# WIA or WMA worth it midweek?



## JuddCT (Sep 7, 2007)

What are your thoughts? Thinking of going tomorrow morning. Do you think any planters will still hold out for my WPG and me? Anyone else looking to go tomorrow?


----------



## utahgolf (Sep 8, 2007)

you've gotta think 90% of those planters are gone, but you can't kill them sitting at home!


----------



## Kwalk3 (Jun 21, 2012)

I saw a whole group of tail-less roosters flush when I was out looking for ducks over the weekend, so I think your chances are decent.


----------



## goonsquad (Sep 15, 2010)

I'll be hitting either willard or hooper area WMA's tomorrow, possibly thursday dependant upon weather, if anyone is looking for someone to walk a field with. I have a partially trained dog...


----------



## jeff788 (Aug 7, 2009)

Go for it.
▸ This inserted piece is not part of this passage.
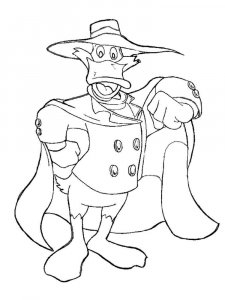 Darkwing Duck coloring page 18 - Free printable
While most will have been harvested or become hawk food, last year I found a rooster at a release site close to Thanksgiving day (extended area), and this year I've found them mid week after the opener. It's not like opening day where there are tons and tons of them, but there are also many fewer people so you can actually hunt without fearing for your life. Good luck!


----------



## JuddCT (Sep 7, 2007)

It was a good morning with one rooster down. I'm glad we went.


----------



## goforbroke (Jan 4, 2009)

i wonder what day they plant them. I went last Friday and hit 2 areas and never saw a bird. 

find a WIA that doesn't get pounded and any day would be good. We saw 8 other vehicles hitting the same Utah lake wetlands areas.


----------



## goonsquad (Sep 15, 2010)

Is there such a place? We hit a WMA that is out in tooele where I didn't think we'd see anyone else mid week. We got out there and there were four other trucks, when we left those trucks were gone and about four more were coming in.


----------



## rideutah (Oct 21, 2014)

It depends on when they plant the birds. I haven't hunted pheasant since I was 14, but decided to try last week mid week. They must have been planted the day before. A very nice guy with dogs offered to hunt with me and find birds. His young dogs did great. We quickly limited out With 4 people, knocking down every bird that was flushed. I watched probably 20 birds go out of there that day, and more vehicles were arriving. I don't think I would try the weekend. I'm sure there aren't many birds left.


----------



## Dodge360 (Nov 2, 2014)

anyone try the WIA right below minersvillie res?????


----------